証券コード2820やまみについて、今期及び来期の業績予想について紹介する。同社は1975年1月広島県三原市にて野菜のパック詰め事業を創業し、2016年6月に東証ジャスダックに上場している。その後2023年10月に東証スタンダード市場に移行している。同社は豆腐及びその関連商品である厚揚げ、油揚げ等の製造、小売業、卸売業に対する販売を行う豆腐等製造販売事業を主たる事業としており、この事業が売上高全体の100%を占める。
同社は大豆、フィルム、トレイ、副資材(にがり等)を仕入れ、様々なサイズの豆腐、厚揚げ、油揚げ等を製造し、小売業、卸売業といった法人顧客に対して製品を販売している。
同社によると2000年ごろまでは豆腐メーカー全体で約16,000事業所であったが、2022年時点で約3,000事業所と年間1,000事業所以上減少し続けている。これは近年、製品の販売先である小売業者の大規模化によるスケールメリットの享受、小売業者による物流センターを保有、品質管理精度の向上により、豆腐メーカーに高度な衛生管理と大量納入・コストダウンが要求され始めたことが原因とされている。これを契機に大手メーカーを中心に機械化が進んだことでコスト、価格競争が激化し、小規模事業者が市場から淘汰されている。また2021,22、23年における円安の進行や大豆価格の高騰による原材料費の上昇もこの傾向を後押ししている。
同社の売上高は広島県の本社工場が約49%、関西工場が約36%, 富士山麗工場が約15%を占め、西日本での販売が中心だが、2019年に静岡県に富士山麗工場を新設し、関東地方での販売に注力している。24年6月期上半期では、富士山麗工場単体での黒字化を達成し, 今後も売上を伸ばす見通しであるため、関東地方での売上高成長率は特に注目すべきである。

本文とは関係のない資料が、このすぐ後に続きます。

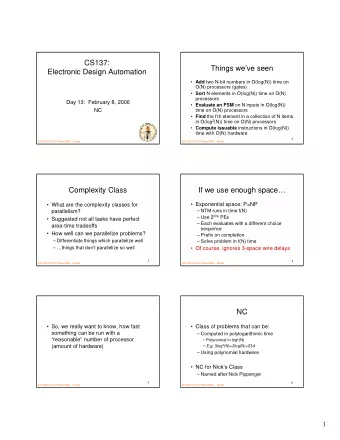 CS137:  Things weve seen  Electronic Design Automation  Add two N-bit numbers in O(log(N))
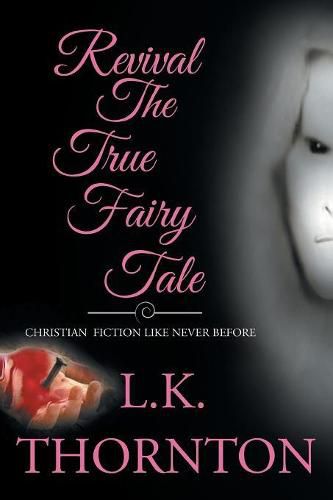 Cover image for Revival: The True Fairy Tale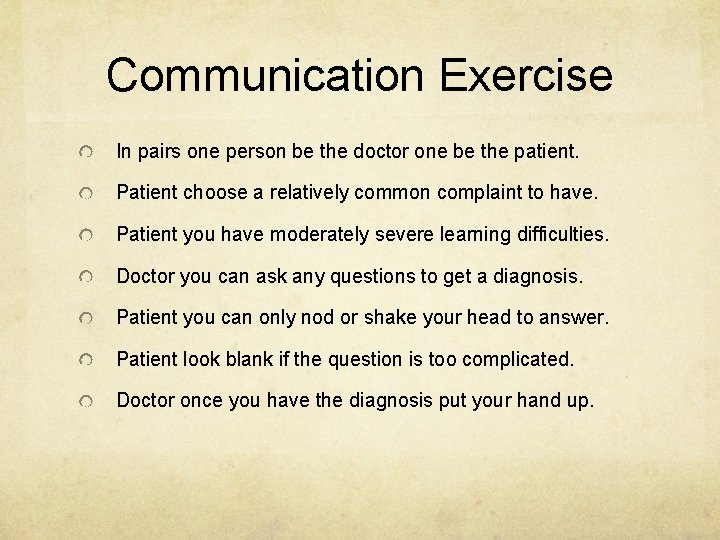 Communication Exercise In pairs one person be the doctor one be the patient. Patient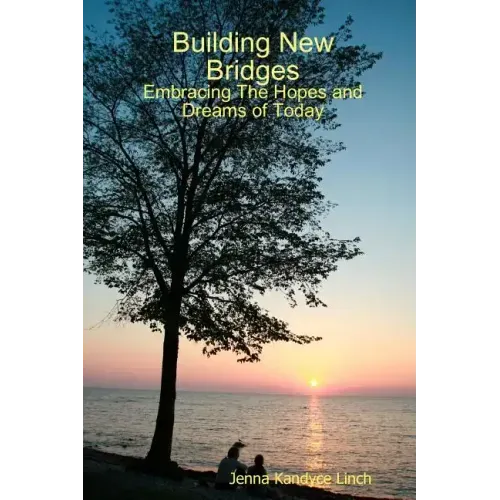 Building New Bridges: Embracing The Hopes and Dreams of Today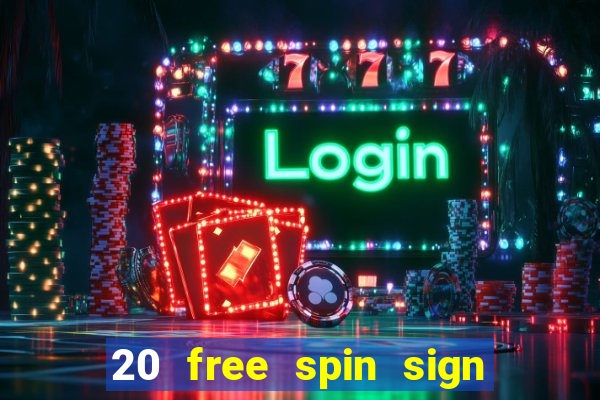 20 free spin sign up casino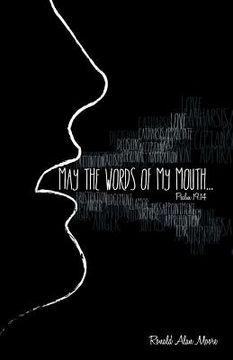 portada May The Words of My Mouth: Lessons from Life's Instruction Manual (en Inglés)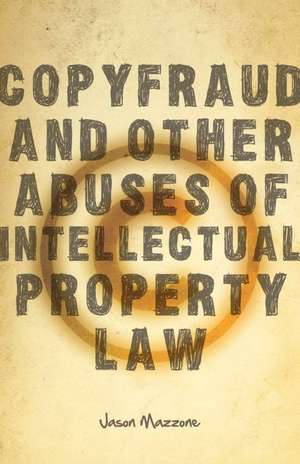 Copyfraud and Other Abuses of Intellectual Property Law de Jason Mazzone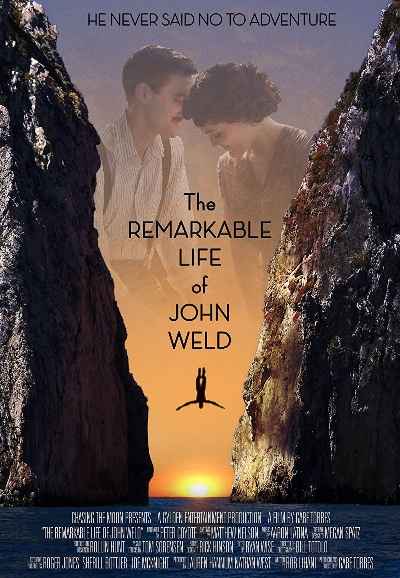 The Remarkable Life of John Weld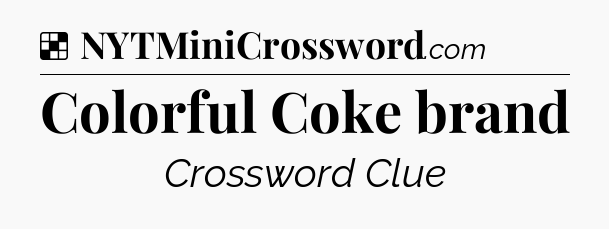 Solution: Colorful Coke brand - NYT Crossword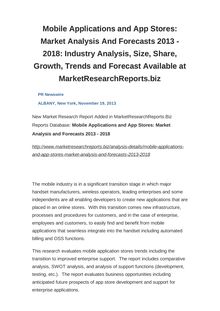 Mobile Applications and App Stores: Market Analysis And Forecasts 2013 - 2018: Industry Analysis, Size, Share, Growth, Trends and Forecast Available at MarketResearchReports.biz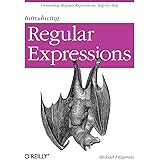 Introducing Regular Expressions: Unraveling Regular Expressions, Step-by-Step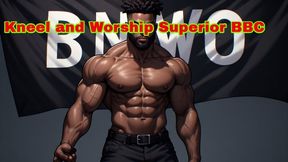 Kneel and Worship Superior BBC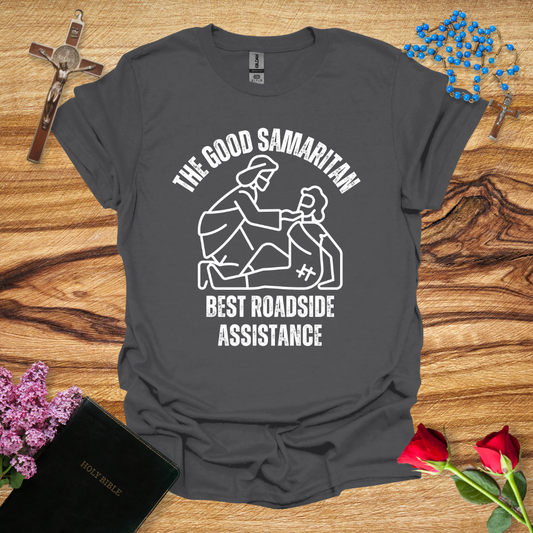 Good Samaritan Best Roadside Assistance T-Shirt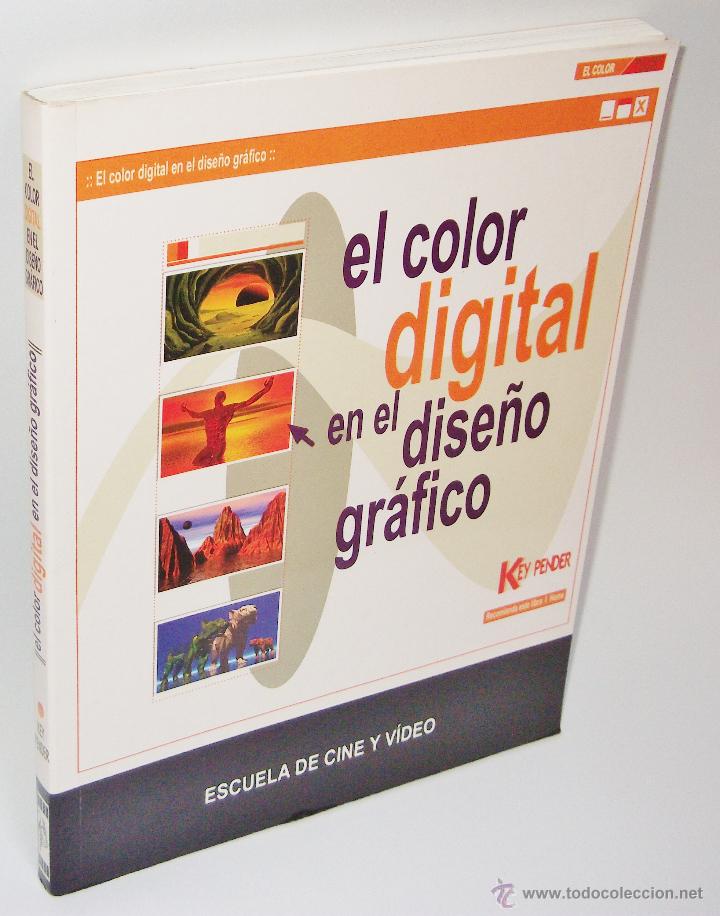 Libros de segunda mano: LIBRO - INFORMATICA - EL COLOR DIGITAL EN EL DISE&Ntilde;O GRAFICO ● KB0642 - Foto 1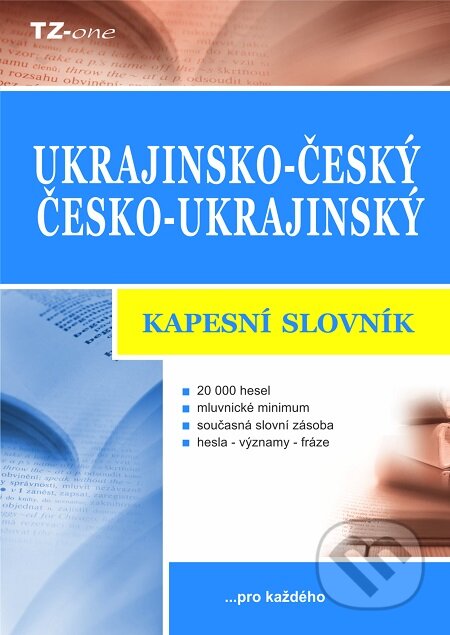 E-kniha: Ukrajinsko-český/ česko-ukrajinský kapesní slovník (Vladimír Uchytil). TZ-one E-kniha: Ukrajinsko-český/ česko-ukrajinský kapesní slovník (Vladimír Uchytil). TZ-one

直近の決算は2024年5月15日に発表された2024年6月期3Q決算であり、売上高、営業利益ともに増収増益で着地した。
上記が今回行った業績予想である。
原材料費高騰に対処する価格改定効果と「北海道とよまさりシリーズ」をはじめとした国産大豆を原材料とする高付加価値商品の販売数量増加によって引き続き売上高が成長すると予想し、YoYで売上高が本社工場で10%,関西工場で15%,富士山麗工場で30%成長を見込みモデルを作成した。同社によると3年前から春・秋2回に10%を目標に価格改定の交渉を進めているが、販売先によって価格が異なり、大手メーカーのように希望が通らないこともあるようだ。また国産大豆の使用は材料費の大幅上昇を伴うが、平均購入単価の増加をもたらし、売上及び利益の拡大につながっている。2024年春の新商品として、外国産大豆を使用していた既存商品を国産大豆製品にリニューアルしていることからうかがえる。さらに同社によると、各工場の稼働率が本社工場・関西工場が70%,富士山麗工場が60%とのことで生産能力にも依然余裕があることが確認できる。また同社は1年に1度、原材料を一括で発注予約するため、発注月の大豆価格と為替レートに注目する必要がある。2024年4月現在、外国産大豆価格は下落基調であり、原材料費のピークアウトが考えられるが、同社によると2023年3月に購入した大豆を24年6月期3Q/4Q、2025年6月期1Q/2Qに使用する予定であるため、売上高原材料費率は23年6月期と同水準の42.5%~43%と予想した。23年6月期Q4,24年6月期Q1,2において光熱費が減少しているが、これは政府の「電気・ガス価格激変緩和対策事業」の実施により、電気・ガス代が削減されているためである。この政策は2023年1月から開始され、24年5月までの予定となっている。光熱費の減少は一時的な政策によるものであるため23年6月期Q3の売上高光熱費率はQ1,2と同水準の8.5%,Q3以降は13%と予想した。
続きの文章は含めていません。